Personalization in Natural Language Processing Personalization in Natural Language Processing (NLP) has mainly been focused on creating personalized dialogue agents (Zhang et al., 2018; Mazare et al. ´ , 2018; Zheng et al., 2019; Wu et al., 2021b; Xu et al., 2022), where the task is to create chitchat agents that are engaging with distinct personas based on user profile (e.g. gender, age, residence, etc.) or past user history data (e.g. Reddit posts, etc.). Another line of work (Salemi et al., 2023) leverages personalized information to boost performance on specific tasks such as review generation (Li & Tuzhilin, 2019), recipe generation (Majumder et al., 2019), and headline generation (Ao et al., 2021). This line of work requires model providers to make better models utilizing the personal information of the user. In our work, we propose a framework that allows users to choose which preference the language model should prefer, essentially giving control to the user.
Parameter Merging Recent work has shown that performing weighted linear interpolation of model parameters leads to the composition of each model ability (Li et al., 2022; Wortsman et al., 2022b;a; Don-Yehiya et al., 2022; Huang et al., 2023). This line of work has led to many interesting applications of model merging such as composing the abilities of expert models that perform different tasks (Ilharco et al., 2022; Jang et al., 2023) and introducing language-specific modules for growing the total capacity of multilingual LMs (Pfeiffer et al., 2022).

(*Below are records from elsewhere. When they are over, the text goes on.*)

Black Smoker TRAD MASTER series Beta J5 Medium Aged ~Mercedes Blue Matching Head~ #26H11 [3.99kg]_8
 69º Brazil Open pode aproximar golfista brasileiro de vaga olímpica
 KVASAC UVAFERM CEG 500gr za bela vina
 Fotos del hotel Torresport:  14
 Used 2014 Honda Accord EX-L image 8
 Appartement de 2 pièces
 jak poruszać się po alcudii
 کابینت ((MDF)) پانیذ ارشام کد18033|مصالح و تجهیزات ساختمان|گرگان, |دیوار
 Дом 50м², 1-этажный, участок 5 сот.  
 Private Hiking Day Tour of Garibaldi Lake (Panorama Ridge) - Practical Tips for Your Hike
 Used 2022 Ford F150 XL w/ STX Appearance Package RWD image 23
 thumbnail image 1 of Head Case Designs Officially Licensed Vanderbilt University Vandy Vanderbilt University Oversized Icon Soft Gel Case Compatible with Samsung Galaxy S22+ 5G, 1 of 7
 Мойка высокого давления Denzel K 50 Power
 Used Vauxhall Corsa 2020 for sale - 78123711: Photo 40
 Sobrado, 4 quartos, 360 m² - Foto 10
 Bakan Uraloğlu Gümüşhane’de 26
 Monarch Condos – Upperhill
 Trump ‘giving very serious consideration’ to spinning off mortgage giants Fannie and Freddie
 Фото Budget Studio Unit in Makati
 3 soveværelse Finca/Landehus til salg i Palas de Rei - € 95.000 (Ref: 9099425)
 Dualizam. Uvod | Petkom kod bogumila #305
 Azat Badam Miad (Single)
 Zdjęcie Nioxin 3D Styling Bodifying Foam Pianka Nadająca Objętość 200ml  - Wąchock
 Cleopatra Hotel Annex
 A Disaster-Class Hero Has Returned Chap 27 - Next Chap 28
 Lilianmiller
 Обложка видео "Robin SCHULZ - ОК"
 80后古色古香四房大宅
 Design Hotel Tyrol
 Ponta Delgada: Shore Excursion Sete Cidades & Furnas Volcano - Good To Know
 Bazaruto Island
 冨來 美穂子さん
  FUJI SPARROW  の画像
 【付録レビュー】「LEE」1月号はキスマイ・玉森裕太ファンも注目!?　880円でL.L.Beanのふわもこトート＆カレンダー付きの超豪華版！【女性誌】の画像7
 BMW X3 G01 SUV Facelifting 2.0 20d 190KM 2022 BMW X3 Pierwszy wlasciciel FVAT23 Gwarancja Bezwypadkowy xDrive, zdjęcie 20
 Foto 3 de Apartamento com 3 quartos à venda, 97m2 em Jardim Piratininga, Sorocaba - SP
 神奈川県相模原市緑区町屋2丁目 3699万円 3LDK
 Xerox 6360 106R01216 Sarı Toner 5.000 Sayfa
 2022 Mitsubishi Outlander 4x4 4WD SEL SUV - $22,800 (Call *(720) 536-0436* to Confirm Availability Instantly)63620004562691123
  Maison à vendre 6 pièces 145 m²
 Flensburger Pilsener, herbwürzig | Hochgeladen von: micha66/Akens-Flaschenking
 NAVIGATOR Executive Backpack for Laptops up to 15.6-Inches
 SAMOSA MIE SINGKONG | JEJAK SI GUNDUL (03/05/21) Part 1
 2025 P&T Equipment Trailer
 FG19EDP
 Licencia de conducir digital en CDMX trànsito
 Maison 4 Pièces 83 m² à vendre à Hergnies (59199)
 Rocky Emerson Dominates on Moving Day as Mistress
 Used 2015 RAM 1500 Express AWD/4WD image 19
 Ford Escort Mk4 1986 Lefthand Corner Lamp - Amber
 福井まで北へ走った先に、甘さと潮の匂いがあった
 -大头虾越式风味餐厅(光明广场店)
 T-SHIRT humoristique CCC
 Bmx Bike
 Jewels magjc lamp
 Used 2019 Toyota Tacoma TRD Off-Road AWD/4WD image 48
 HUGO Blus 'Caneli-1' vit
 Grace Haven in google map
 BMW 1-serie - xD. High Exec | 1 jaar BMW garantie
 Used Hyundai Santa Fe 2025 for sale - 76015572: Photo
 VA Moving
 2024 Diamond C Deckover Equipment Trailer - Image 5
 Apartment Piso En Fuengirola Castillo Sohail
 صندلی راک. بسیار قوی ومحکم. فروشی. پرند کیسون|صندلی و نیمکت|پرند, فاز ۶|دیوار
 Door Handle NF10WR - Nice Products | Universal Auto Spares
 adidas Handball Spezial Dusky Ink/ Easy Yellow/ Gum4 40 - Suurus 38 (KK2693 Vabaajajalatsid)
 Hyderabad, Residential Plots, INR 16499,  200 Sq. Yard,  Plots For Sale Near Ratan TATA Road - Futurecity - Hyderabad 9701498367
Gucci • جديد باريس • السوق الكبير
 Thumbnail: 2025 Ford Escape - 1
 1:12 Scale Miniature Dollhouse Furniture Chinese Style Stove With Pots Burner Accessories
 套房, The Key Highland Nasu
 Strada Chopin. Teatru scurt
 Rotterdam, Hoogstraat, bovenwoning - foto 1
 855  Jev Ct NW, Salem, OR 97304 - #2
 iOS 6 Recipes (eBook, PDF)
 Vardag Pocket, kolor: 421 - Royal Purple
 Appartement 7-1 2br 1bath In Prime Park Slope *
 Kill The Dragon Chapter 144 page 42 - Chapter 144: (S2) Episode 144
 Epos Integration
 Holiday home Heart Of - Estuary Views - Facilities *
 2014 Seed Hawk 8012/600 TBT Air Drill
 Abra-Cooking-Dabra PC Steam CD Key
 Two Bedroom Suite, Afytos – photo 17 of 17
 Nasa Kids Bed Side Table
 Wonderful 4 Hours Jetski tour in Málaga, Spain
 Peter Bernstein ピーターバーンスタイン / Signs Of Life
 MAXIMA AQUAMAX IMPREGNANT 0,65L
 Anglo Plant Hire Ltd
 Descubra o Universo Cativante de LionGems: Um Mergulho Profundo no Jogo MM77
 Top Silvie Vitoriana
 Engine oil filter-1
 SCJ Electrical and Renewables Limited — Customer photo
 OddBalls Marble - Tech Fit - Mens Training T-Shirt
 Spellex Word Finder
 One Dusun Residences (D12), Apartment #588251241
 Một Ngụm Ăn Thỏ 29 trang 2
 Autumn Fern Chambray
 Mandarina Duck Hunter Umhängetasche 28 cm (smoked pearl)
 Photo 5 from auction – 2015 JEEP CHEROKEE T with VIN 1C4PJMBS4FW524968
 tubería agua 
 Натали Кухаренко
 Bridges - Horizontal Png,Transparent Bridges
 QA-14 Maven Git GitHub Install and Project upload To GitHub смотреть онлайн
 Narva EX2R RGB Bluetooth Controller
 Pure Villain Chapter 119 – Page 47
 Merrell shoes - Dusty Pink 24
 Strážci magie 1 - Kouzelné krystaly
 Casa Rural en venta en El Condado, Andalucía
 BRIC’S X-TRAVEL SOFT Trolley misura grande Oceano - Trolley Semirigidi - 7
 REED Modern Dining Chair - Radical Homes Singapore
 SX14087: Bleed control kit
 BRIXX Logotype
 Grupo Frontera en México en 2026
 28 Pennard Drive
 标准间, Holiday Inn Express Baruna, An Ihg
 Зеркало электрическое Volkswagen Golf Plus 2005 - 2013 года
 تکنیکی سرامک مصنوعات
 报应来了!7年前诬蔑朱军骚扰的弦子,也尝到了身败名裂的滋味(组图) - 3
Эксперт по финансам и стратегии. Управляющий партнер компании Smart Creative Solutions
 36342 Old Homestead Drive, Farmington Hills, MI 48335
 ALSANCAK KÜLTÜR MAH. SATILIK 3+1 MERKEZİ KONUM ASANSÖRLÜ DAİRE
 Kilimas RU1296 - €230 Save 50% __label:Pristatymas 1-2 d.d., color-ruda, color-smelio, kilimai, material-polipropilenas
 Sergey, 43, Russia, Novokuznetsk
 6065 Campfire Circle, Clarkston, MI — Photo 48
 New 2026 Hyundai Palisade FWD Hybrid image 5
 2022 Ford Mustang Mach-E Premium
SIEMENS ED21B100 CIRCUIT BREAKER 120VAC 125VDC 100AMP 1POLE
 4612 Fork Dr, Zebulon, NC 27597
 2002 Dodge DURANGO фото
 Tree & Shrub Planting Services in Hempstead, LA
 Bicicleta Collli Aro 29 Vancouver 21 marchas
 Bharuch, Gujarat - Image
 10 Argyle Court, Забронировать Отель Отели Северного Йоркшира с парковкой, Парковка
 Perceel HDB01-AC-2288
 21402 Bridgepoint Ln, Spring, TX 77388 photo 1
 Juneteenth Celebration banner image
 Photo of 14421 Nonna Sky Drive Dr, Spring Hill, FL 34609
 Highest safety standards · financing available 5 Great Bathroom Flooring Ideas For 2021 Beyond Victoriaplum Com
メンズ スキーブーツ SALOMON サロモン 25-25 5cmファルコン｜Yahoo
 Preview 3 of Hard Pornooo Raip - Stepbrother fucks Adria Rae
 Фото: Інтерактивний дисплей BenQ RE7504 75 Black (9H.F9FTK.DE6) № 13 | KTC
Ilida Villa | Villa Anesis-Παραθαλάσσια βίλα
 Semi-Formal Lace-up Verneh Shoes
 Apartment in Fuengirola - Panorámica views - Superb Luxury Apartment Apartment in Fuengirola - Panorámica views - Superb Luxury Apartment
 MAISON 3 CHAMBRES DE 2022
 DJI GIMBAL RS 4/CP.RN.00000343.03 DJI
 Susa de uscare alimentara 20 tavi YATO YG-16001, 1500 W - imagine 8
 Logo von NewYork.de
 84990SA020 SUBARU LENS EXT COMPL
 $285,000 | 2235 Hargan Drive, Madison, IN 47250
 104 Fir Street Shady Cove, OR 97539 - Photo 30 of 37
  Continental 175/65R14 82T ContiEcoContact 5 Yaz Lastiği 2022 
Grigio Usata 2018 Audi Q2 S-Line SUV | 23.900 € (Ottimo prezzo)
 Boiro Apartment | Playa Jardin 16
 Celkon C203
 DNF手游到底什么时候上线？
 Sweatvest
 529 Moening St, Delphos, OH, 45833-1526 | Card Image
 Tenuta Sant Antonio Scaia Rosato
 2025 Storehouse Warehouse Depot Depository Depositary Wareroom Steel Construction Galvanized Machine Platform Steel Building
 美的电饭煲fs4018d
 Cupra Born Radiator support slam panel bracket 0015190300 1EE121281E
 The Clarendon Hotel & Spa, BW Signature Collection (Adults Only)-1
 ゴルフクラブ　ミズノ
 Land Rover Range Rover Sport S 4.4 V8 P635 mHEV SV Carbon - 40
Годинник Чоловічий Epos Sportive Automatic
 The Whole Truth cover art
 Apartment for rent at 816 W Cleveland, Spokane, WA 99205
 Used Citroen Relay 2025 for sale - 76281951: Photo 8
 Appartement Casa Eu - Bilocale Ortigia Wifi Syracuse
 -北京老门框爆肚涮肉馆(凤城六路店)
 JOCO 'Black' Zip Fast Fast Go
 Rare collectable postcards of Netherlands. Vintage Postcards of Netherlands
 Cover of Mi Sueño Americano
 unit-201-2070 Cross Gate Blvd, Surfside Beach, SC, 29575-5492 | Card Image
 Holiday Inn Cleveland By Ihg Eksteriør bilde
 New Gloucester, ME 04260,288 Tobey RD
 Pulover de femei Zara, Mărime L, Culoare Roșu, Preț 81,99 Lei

Most recently, Rame et al. (2023) proposed to merge policy models that were trained to perform specific tasks such as question answering and summarization using proxy reward models. While they mostly deal with reward models trained on the same data, our proposed MORL methods are an extension of this work that actually deals with diverse reward models trained on multifaceted human feedback to show compositional abilities through parameter merging rather than just ensembling.
[2] Feng et al. (2023) suggests that “default” LLM expressed opinions stem directly from the pretraining data.